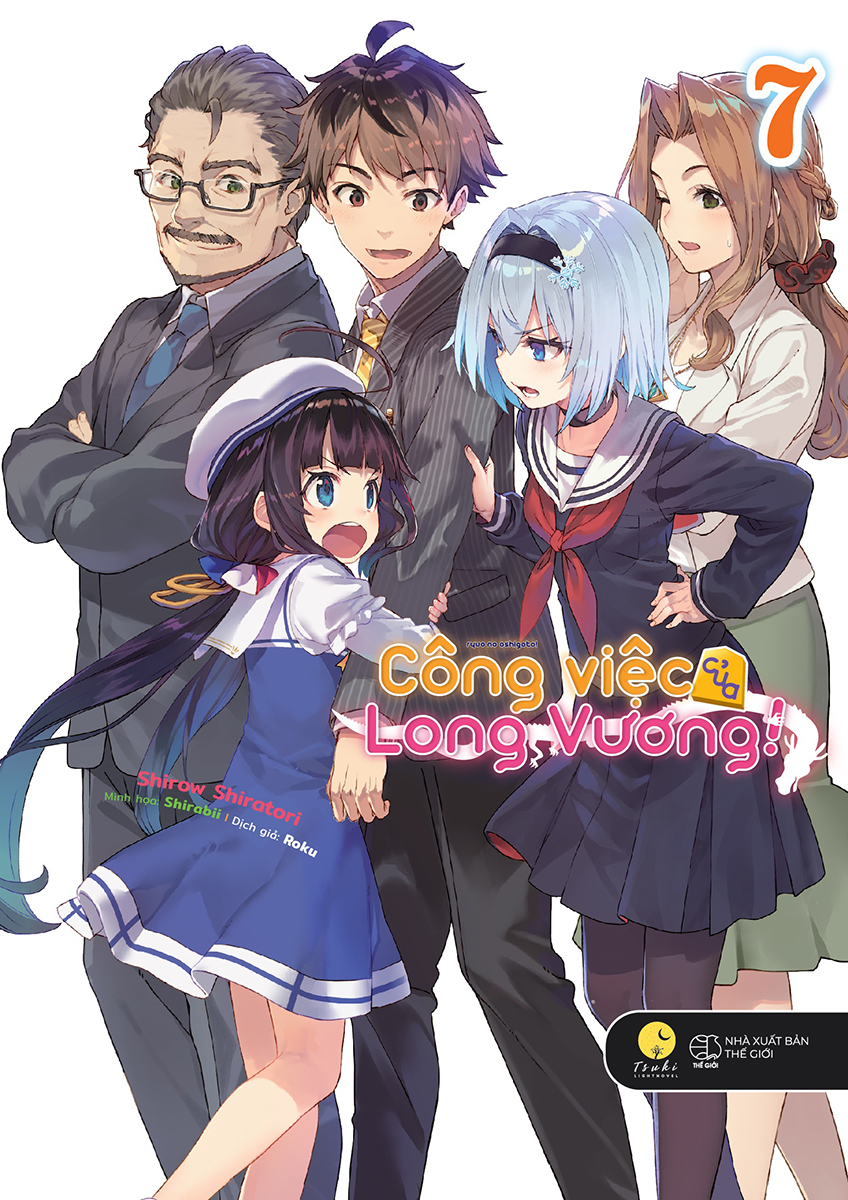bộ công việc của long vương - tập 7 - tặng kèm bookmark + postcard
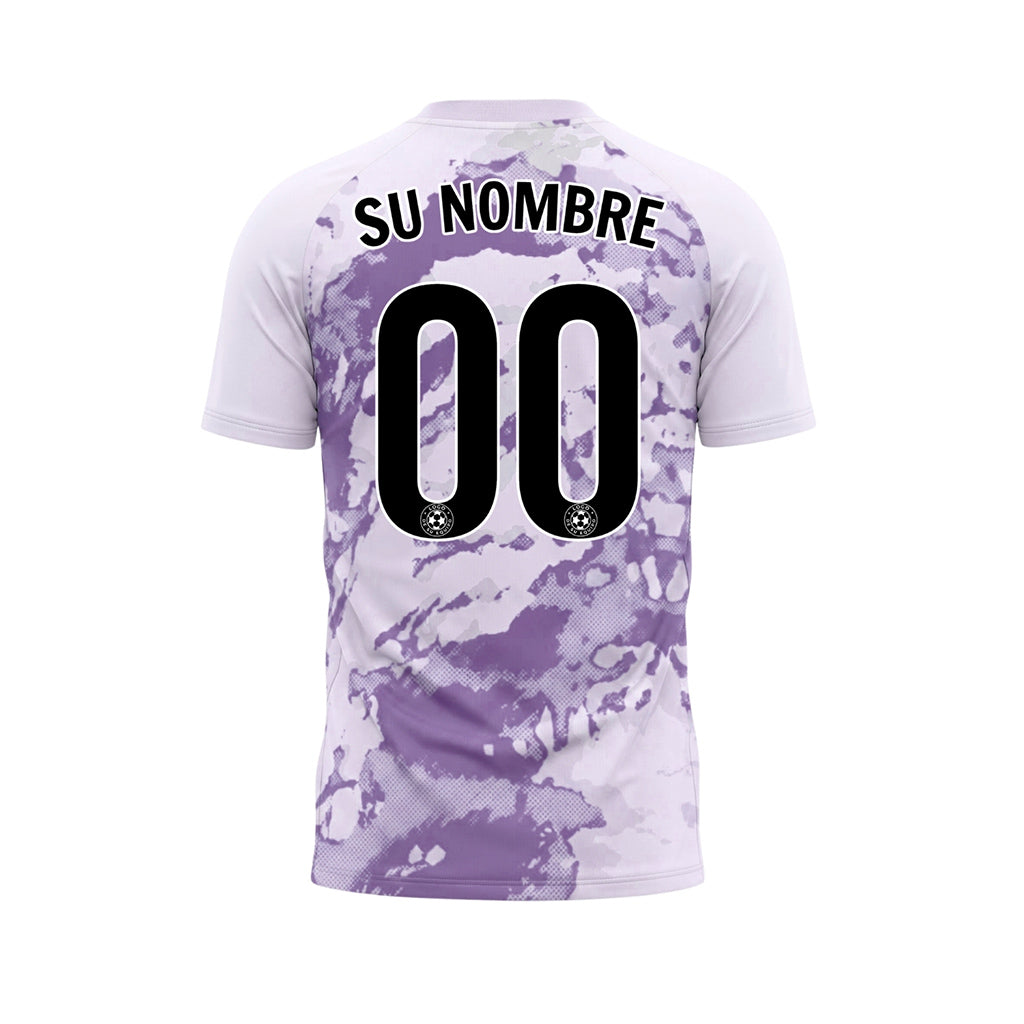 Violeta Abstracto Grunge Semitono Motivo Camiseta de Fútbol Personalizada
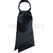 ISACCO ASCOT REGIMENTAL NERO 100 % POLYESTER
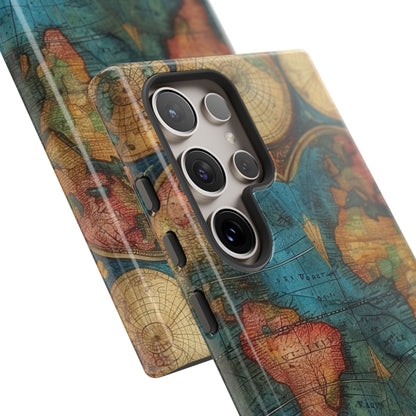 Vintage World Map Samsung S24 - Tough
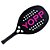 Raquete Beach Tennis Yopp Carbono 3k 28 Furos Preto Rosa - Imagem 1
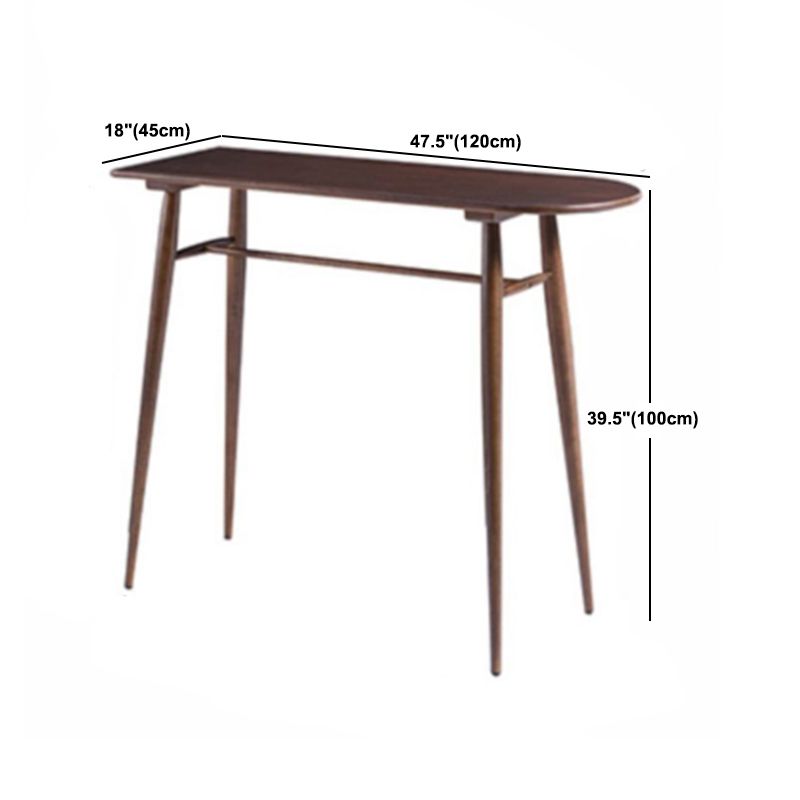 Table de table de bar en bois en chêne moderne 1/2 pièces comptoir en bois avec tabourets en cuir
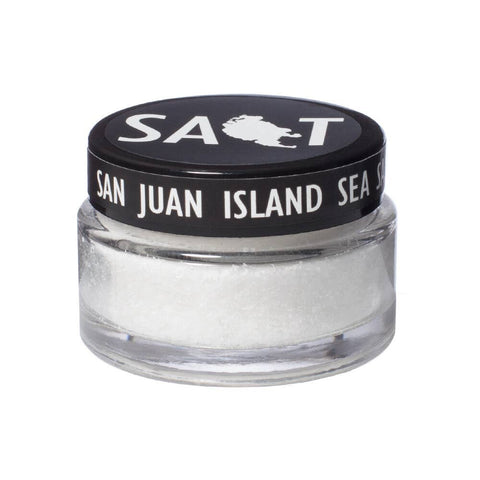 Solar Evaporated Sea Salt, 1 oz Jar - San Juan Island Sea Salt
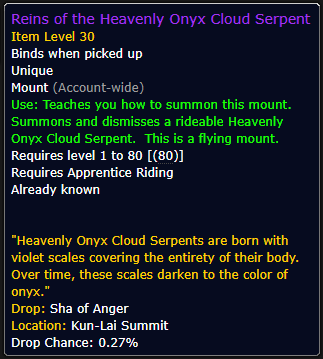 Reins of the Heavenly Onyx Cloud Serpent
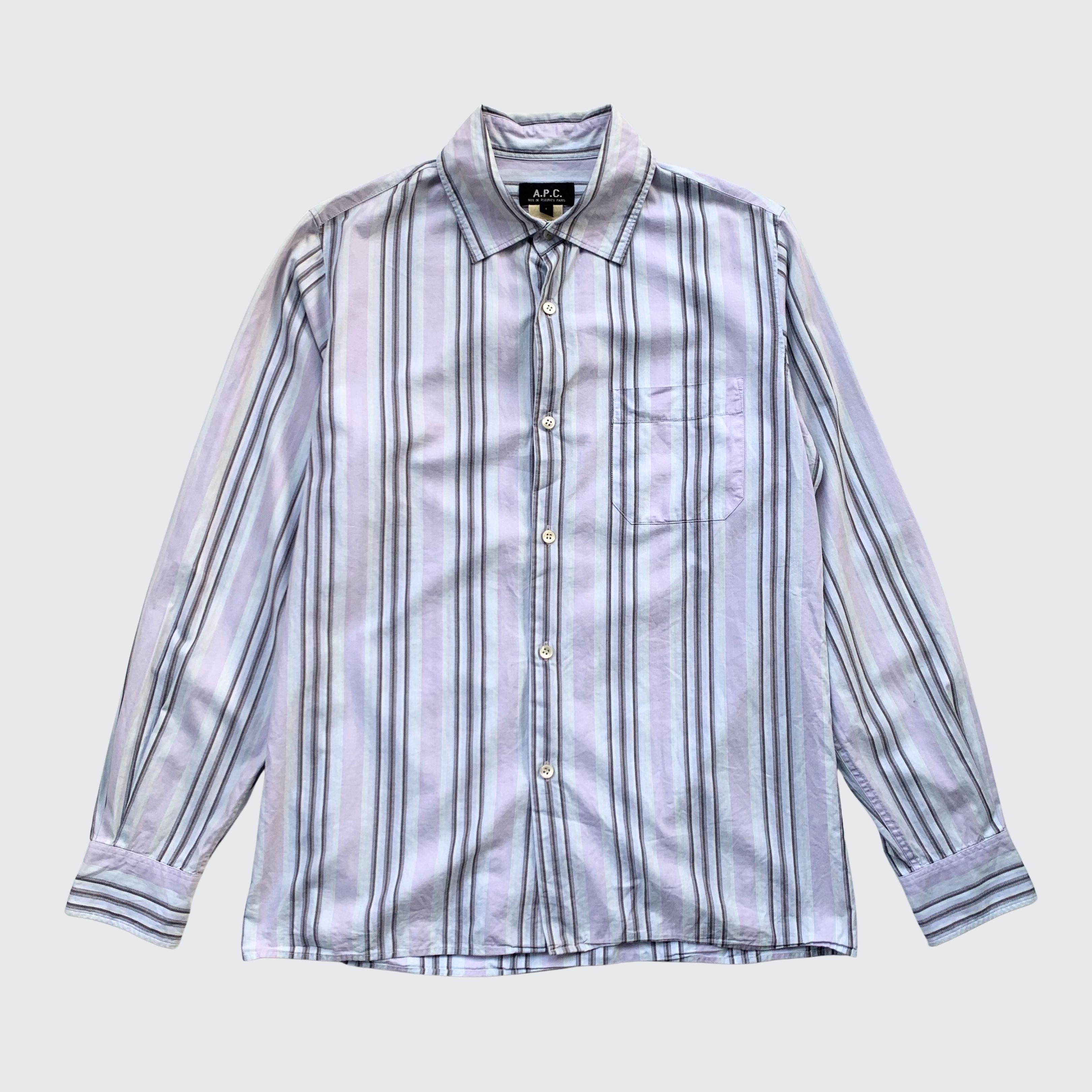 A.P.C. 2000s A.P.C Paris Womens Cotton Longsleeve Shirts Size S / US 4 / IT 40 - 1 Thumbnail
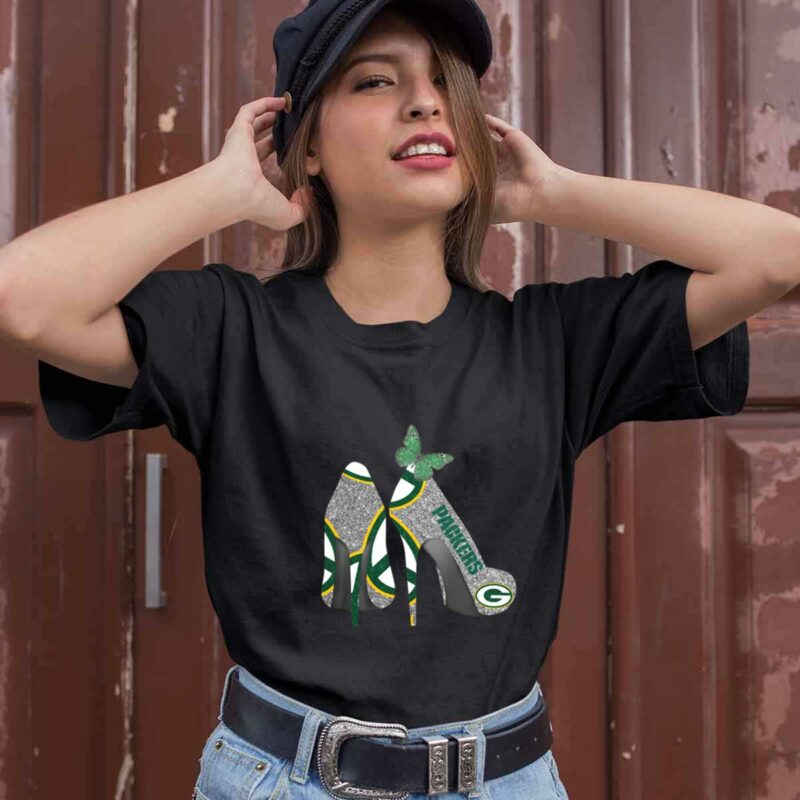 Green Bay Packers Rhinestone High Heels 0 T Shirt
----------
→ **WORK INSTRUCTIONS**: These lines alone form the answer: the one containing "Solar Evaporated Sea" and every line after it through the end of the material, exactly as written, pictures left out.

→ **TASK ANSWER**:
 Solar Evaporated Sea Salt, 1 oz Jar - San Juan Island Sea Salt
 Reins of the Heavenly Onyx Cloud Serpent
 A.P.C. 2000s A.P.C Paris Womens Cotton Longsleeve Shirts Size S / US 4 / IT 40 - 1 Thumbnail
 Green Bay Packers Rhinestone High Heels 0 T Shirt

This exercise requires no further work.